Melihat alat teleportasi berbentuk gunung itu menghilang di depan mata mereka, ekspresi Bell dan yang lainnya menjadi semakin muram.
“Kau… Apa yang telah kau lakukan pada Bintang Pembakar Ultra…” Karo menatap Lin Shen, suaranya bergetar saat bertanya.
“Sudah dihancurkan,” jawab Lin Shen dengan tenang.
“Orang-orang?” Karo masih menyimpan sedikit fantasi terakhir, seperti halnya semua orang lainnya.
“Semuanya hancur.” Kata-kata Lin Shen menghancurkan ilusi terakhir mereka.
Seperti tersambar petir, Karo berdiri di sana dengan perasaan mati rasa.
“Kau… Kau seorang jagal… karena telah menyentuh wanita dan anak-anak…” Jerry meraung marah, menyerbu ke arah Lin Shen tanpa berpikir panjang.
“Saat kau menyerang Planet Ibu Manusia, apakah kau mempertimbangkan bahwa di sana juga ada perempuan dan anak-anak?” Lin Shen menjentikkan pergelangan tangannya, dan Kipas Lipat terbang dengan anggun dari tangannya.
Saat kipas lipat itu kembali ke tangan Lin Shen, kepala Jerry juga terpisah dari tubuhnya.
“Salah… semuanya salah… semuanya salah…” Melihat Lin Shen menghabisi Jerry dengan sekali serangan santai, Bell tahu bahwa Suku Ultra-Burn tidak bisa menghindari takdir mereka hari ini.
“Seandainya kita tidak menemukan alat teleportasi ke Planet Induk Manusia, seandainya kita tidak menyerang Planet Induk Manusia, seandainya…” Karo merasakan sakit yang luar biasa, tetapi tidak ada kata “seandainya” di dunia ini.

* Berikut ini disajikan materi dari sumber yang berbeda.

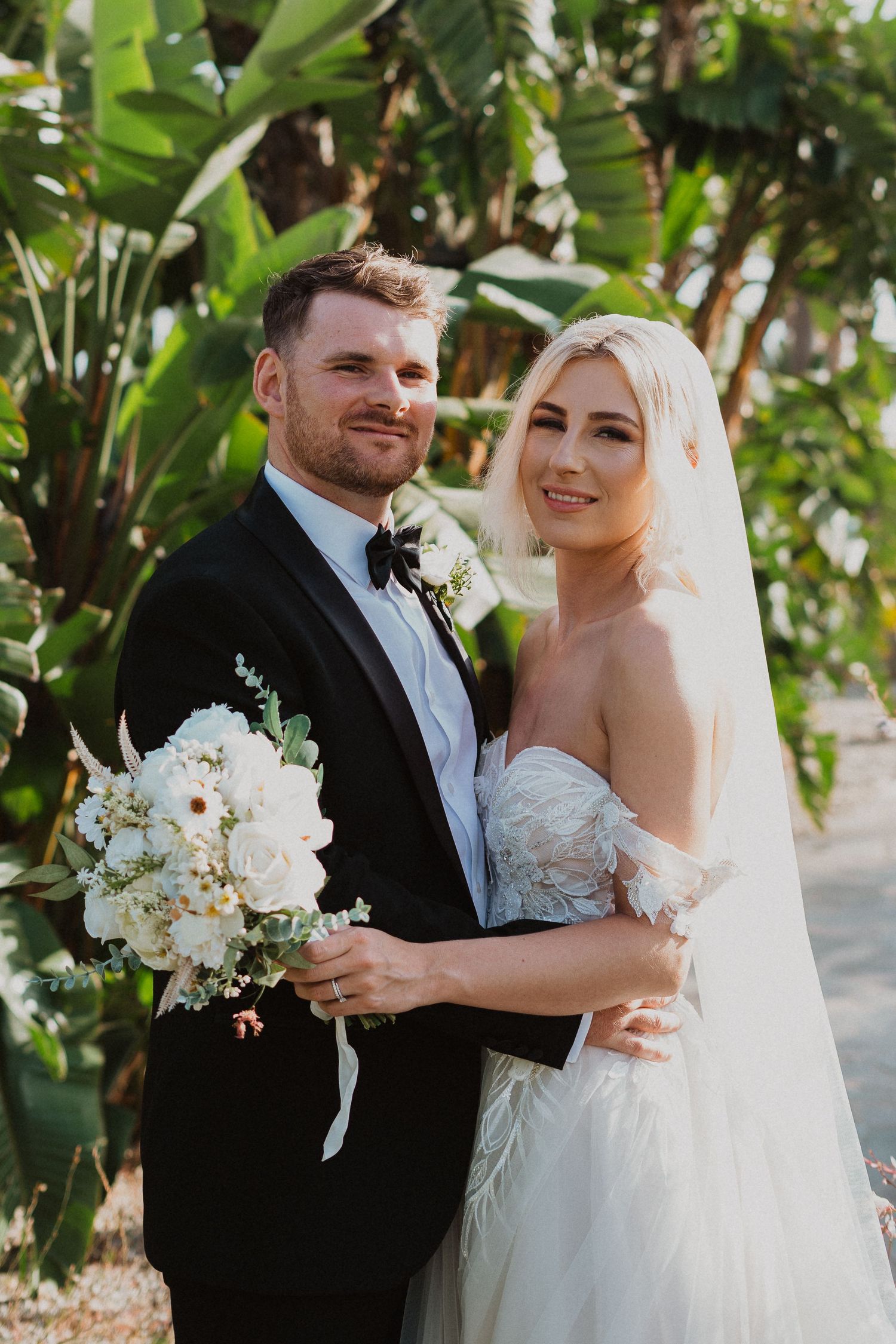 A wedding couple poses outdoors in a tropical garden setting with a white floral bouquet.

“Hidup ini adalah satu-satunya yang tersisa bagiku…” Karo memanggil Basis Kehidupan dan menyerbu ke arah Lin Shen.
Banyak sekali makhluk Nirvana dan mereka yang telah mencapai pencerahan membuat pilihan yang sama seperti Karo.
Penyesalan dan rasa sakit di hati mereka saling terkait, dan hanya pertempuran yang dapat mencegah mereka memikirkan hal lain, bahkan kematian pun akan menjadi kelegaan dari keadaan saat ini.
Lin Shen melemparkan Kapsul Hewan Peliharaan, dan Xiaoyu muncul di hadapannya.
Melihat pasukan Ultra-Burning Corps yang sedang menyerang, senyum licik muncul di bibirnya saat dia mengangkat pisau dan garpunya.
“Seandainya kita tidak menyerang Planet Induk Manusia, apakah hasilnya akan tetap sama?” Bell mengalami mimpi buruk yang belum pernah ia alami seumur hidupnya.
Saat dia memejamkan mata, mimpi buruk itu akhirnya berakhir.
Namun, mayat-mayat yang berserakan di mana-mana dan darah yang menodai tanah tidak akan hilang bersama mimpi buruk itu.
“Semuanya sudah berakhir…” Lin Shen mendongak ke arah Fei Zai, yang masih berada di tengah Nirvana, dan pada saat itu, hatinya sendiri tak terlukiskan.